** Opening Given data block **

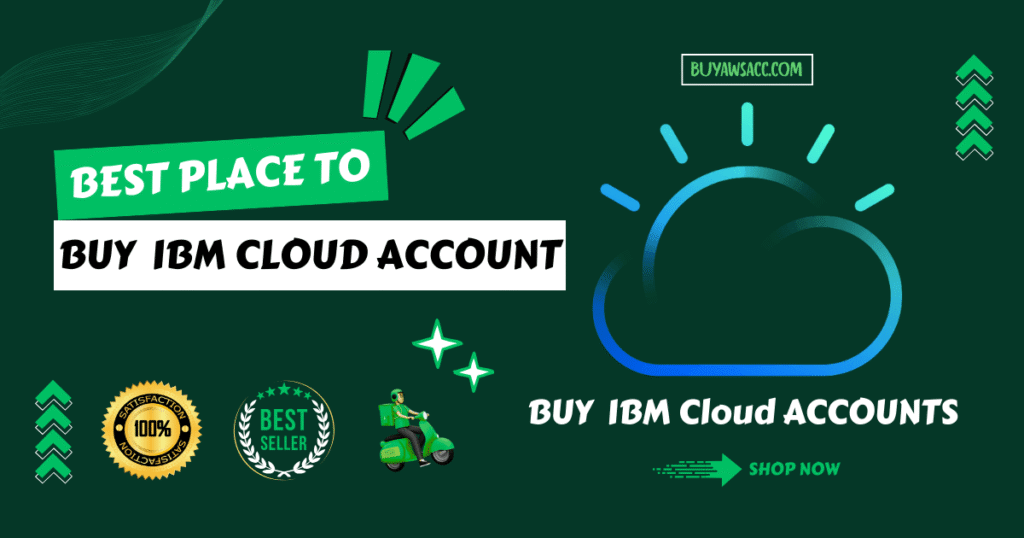 Buy IBM Cloud Account
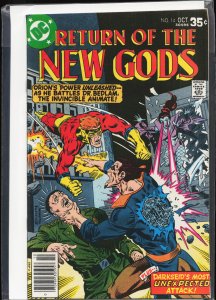 New Gods #14 (1977)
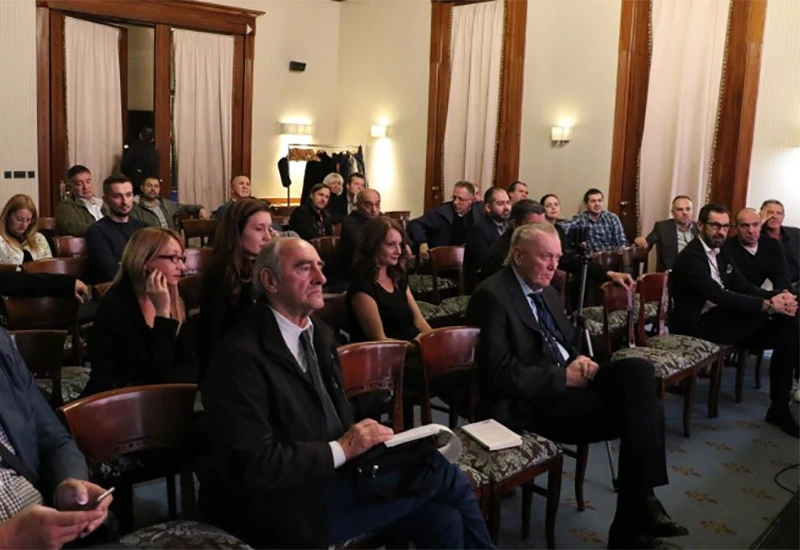Prezentacijom knjige 'Posljednji penal Faruka' okončan 6. Simposar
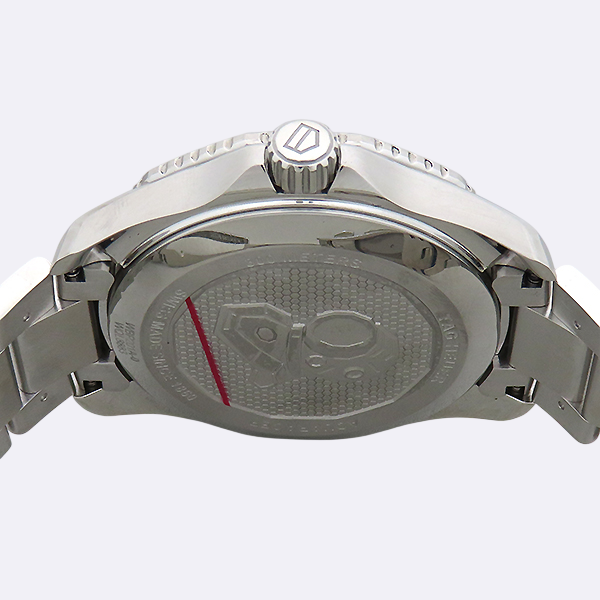 Tag Heuer(�±�ȣ�̾�) WBP201A �����Ʒ��̼� ������ų� 300 GMT 43MM �����ƽ ��ƿ ������ �ð� [�λ꼾�Һ���] �̹���4 - ���̺��� �߰���ǰ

** Closing Given data block **

# What you have to do
Return each line above exactly; any pictures are to be skipped.

# Result for this task
 Buy IBM Cloud Account
 New Gods #14 (1977)
Prezentacijom knjige 'Posljednji penal Faruka' okončan 6. Simposar
 Tag Heuer(�±�ȣ�̾�) WBP201A �����Ʒ��̼� ������ų� 300 GMT 43MM �����ƽ ��ƿ ������ �ð� [�λ꼾�Һ���] �̹���4 - ���̺��� �߰���ǰ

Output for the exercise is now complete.